Start of Dataset content

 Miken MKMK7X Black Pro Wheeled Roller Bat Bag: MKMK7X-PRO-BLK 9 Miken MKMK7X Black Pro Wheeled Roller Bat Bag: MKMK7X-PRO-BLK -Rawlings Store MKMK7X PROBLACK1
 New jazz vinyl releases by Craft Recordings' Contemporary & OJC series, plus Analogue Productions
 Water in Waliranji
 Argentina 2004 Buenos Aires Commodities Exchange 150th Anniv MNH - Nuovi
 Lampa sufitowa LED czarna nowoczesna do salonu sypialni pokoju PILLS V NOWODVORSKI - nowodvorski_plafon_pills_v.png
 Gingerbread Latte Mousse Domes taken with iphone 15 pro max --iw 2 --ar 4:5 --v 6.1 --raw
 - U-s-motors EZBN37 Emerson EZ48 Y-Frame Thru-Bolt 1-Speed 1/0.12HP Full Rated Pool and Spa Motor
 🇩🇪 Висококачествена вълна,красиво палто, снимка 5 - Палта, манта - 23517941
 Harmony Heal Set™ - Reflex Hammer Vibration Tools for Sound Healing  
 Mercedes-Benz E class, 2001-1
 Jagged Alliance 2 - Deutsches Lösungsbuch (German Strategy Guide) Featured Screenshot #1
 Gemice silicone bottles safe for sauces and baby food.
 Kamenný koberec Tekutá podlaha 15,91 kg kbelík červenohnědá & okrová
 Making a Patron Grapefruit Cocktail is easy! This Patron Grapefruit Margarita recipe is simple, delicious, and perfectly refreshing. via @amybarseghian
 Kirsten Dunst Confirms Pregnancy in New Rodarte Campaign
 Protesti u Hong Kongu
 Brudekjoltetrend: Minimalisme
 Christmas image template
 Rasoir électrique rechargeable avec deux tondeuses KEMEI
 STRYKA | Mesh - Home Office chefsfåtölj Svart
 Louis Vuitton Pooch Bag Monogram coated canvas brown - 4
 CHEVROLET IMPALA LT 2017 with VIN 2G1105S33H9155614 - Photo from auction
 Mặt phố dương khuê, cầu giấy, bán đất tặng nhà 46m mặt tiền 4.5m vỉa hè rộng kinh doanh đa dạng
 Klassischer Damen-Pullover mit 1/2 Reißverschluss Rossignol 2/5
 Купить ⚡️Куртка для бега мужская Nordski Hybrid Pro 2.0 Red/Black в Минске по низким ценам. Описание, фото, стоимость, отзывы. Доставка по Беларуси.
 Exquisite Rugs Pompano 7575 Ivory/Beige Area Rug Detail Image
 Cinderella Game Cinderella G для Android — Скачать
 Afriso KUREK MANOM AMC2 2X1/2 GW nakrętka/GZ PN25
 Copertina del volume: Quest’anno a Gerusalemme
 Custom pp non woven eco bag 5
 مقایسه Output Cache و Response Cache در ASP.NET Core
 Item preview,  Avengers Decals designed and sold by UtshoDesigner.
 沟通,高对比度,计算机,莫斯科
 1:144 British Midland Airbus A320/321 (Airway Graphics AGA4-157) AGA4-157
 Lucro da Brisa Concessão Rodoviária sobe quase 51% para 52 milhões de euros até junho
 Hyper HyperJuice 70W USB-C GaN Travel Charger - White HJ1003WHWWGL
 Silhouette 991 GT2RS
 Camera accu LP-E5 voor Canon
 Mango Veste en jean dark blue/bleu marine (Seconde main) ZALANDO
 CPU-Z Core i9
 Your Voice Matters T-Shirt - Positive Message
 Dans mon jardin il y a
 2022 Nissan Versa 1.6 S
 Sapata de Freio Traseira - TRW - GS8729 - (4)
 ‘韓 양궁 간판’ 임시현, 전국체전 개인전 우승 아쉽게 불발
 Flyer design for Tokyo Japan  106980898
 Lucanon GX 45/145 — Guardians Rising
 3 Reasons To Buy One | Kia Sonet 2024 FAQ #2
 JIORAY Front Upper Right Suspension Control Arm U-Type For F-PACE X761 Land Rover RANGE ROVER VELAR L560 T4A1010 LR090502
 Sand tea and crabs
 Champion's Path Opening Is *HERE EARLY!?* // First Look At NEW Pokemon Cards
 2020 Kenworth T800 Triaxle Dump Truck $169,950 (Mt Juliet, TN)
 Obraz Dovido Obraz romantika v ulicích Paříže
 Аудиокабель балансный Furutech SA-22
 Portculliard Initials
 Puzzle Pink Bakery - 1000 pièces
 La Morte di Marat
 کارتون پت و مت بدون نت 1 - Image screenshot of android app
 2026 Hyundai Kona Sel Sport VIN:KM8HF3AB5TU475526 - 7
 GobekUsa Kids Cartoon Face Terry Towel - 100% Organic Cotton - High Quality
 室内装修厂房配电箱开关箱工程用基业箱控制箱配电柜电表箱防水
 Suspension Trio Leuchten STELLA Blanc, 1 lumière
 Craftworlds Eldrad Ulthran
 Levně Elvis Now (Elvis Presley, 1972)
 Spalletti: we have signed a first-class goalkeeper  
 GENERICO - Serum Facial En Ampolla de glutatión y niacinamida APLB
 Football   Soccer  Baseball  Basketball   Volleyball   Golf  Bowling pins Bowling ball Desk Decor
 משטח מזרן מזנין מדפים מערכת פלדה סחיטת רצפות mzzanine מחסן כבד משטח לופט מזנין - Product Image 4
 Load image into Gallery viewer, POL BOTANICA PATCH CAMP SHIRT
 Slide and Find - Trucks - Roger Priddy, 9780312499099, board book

End of Dataset content

[Activity] Starting at the top of the data above, repeat every line exactly until the line containing "Cinderella Game Cinderella" has been given, then stop.

[Expected output]
 Miken MKMK7X Black Pro Wheeled Roller Bat Bag: MKMK7X-PRO-BLK 9 Miken MKMK7X Black Pro Wheeled Roller Bat Bag: MKMK7X-PRO-BLK -Rawlings Store MKMK7X PROBLACK1
 New jazz vinyl releases by Craft Recordings' Contemporary & OJC series, plus Analogue Productions
 Water in Waliranji
 Argentina 2004 Buenos Aires Commodities Exchange 150th Anniv MNH - Nuovi
 Lampa sufitowa LED czarna nowoczesna do salonu sypialni pokoju PILLS V NOWODVORSKI - nowodvorski_plafon_pills_v.png
 Gingerbread Latte Mousse Domes taken with iphone 15 pro max --iw 2 --ar 4:5 --v 6.1 --raw
 - U-s-motors EZBN37 Emerson EZ48 Y-Frame Thru-Bolt 1-Speed 1/0.12HP Full Rated Pool and Spa Motor
 🇩🇪 Висококачествена вълна,красиво палто, снимка 5 - Палта, манта - 23517941
 Harmony Heal Set™ - Reflex Hammer Vibration Tools for Sound Healing  
 Mercedes-Benz E class, 2001-1
 Jagged Alliance 2 - Deutsches Lösungsbuch (German Strategy Guide) Featured Screenshot #1
 Gemice silicone bottles safe for sauces and baby food.
 Kamenný koberec Tekutá podlaha 15,91 kg kbelík červenohnědá & okrová
 Making a Patron Grapefruit Cocktail is easy! This Patron Grapefruit Margarita recipe is simple, delicious, and perfectly refreshing. via @amybarseghian
 Kirsten Dunst Confirms Pregnancy in New Rodarte Campaign
 Protesti u Hong Kongu
 Brudekjoltetrend: Minimalisme
 Christmas image template
 Rasoir électrique rechargeable avec deux tondeuses KEMEI
 STRYKA | Mesh - Home Office chefsfåtölj Svart
 Louis Vuitton Pooch Bag Monogram coated canvas brown - 4
 CHEVROLET IMPALA LT 2017 with VIN 2G1105S33H9155614 - Photo from auction
 Mặt phố dương khuê, cầu giấy, bán đất tặng nhà 46m mặt tiền 4.5m vỉa hè rộng kinh doanh đa dạng
 Klassischer Damen-Pullover mit 1/2 Reißverschluss Rossignol 2/5
 Купить ⚡️Куртка для бега мужская Nordski Hybrid Pro 2.0 Red/Black в Минске по низким ценам. Описание, фото, стоимость, отзывы. Доставка по Беларуси.
 Exquisite Rugs Pompano 7575 Ivory/Beige Area Rug Detail Image
 Cinderella Game Cinderella G для Android — Скачать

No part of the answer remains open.